Spatial Frames

Project Proposal, by Zach Tomaszewski

for LING 640G, Fall 2002, taught by Dr. Ben Bergen

Space is the foundation of a number of prevalent conceptual metaphors. Many of these are very basic: HAPPY IS UP, LONG PURPOSEFUL EVENTS ARE JOURNEYS, and the Event Structure metaphor, in which time is understood through spatial terms. Motion, which is distance traveled over time (both understood in terms of space), is also part of a number of metaphors and frames, such as the source-path-goal frame. Obviously, our conception of space has a broad and profound impact on our understanding of a number of different realms.

Yet what is this space conception? What elements does it contain that are mapped through conceptual metaphors? How are those elements structured? Are there different senses of space?

I suspect that space is a frame. To determine the nature of this frame, I plan to look at a long list of English spatial-relation words, such as above, front, up, on, inside, etc. I will consider both my native-speaker intuition of these words and a formal dictionary definition. I believe certain organizational patterns will emerge that will represent spatial "sub-frames", such as those involving the relative position of two objects, movement of an observer, and sides of an object.

I will compare these "sub-frame" structures with those found by other cognitive linguistic explorations of space. I know that different languages have words with different spatial meanings that do not map between languages, but I hope that the "sub-frames" may still map. However, my focus will be on English. Hopefully our independently-generated models of these frames will coincide.

If time permits, I would also like to do a few brief interviews of native-speakers to see if their intuitions match my own.

So, through this process of introspection, literature review, and possible native-speaker interviews, I'll have generated a model of the different "sub-frames" of space, which includes the relevant words, mappable elements, and assumptions.

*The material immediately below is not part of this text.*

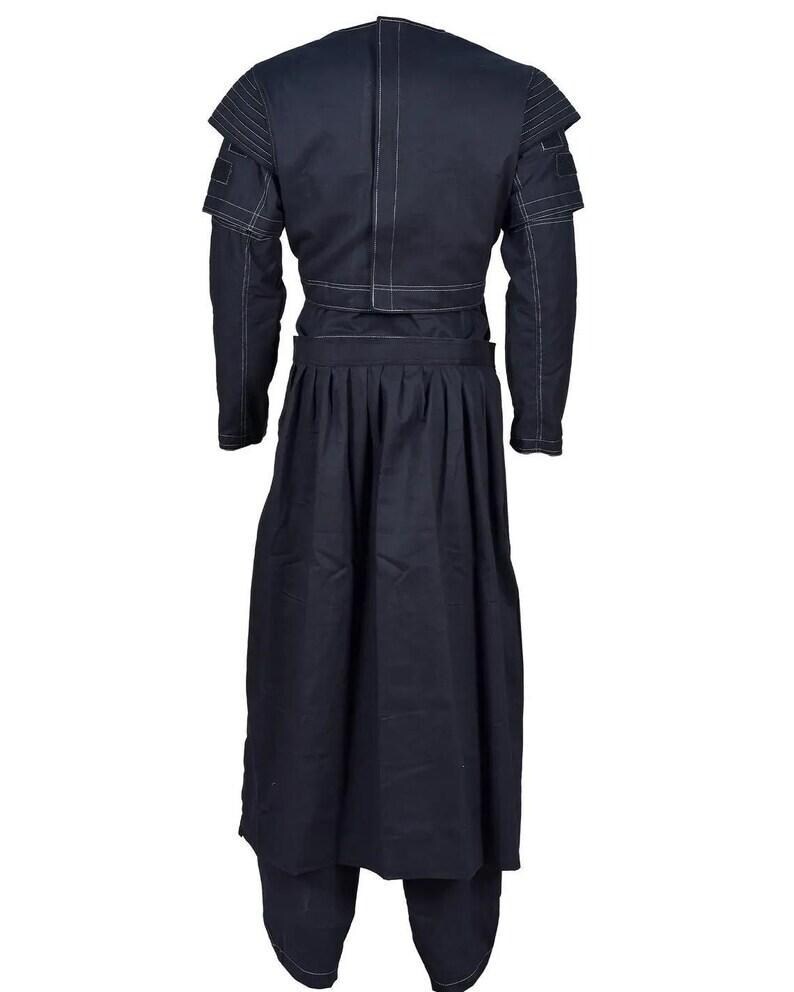 May include: A dark navy blue long-sleeved jacket and matching pleated skirt set. The jacket features structured shoulders with ribbed detailing, a vertical center seam, and white contrast stitching throughout the garment. The skirt is floor-length.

I will then ponder what ramifications these "sub-frames" have for the use of space in conceptual metaphor. What is the relationship between the frames, if any? Is there really a salient difference between these "sub-frames" when it comes to choosing one to use in a metaphor? Can only parts of these frames map, or are they basic enough that they map in their entirety? Does awareness of these "sub-frames" aid us in any way in understanding spatially-grounded conceptual metaphors?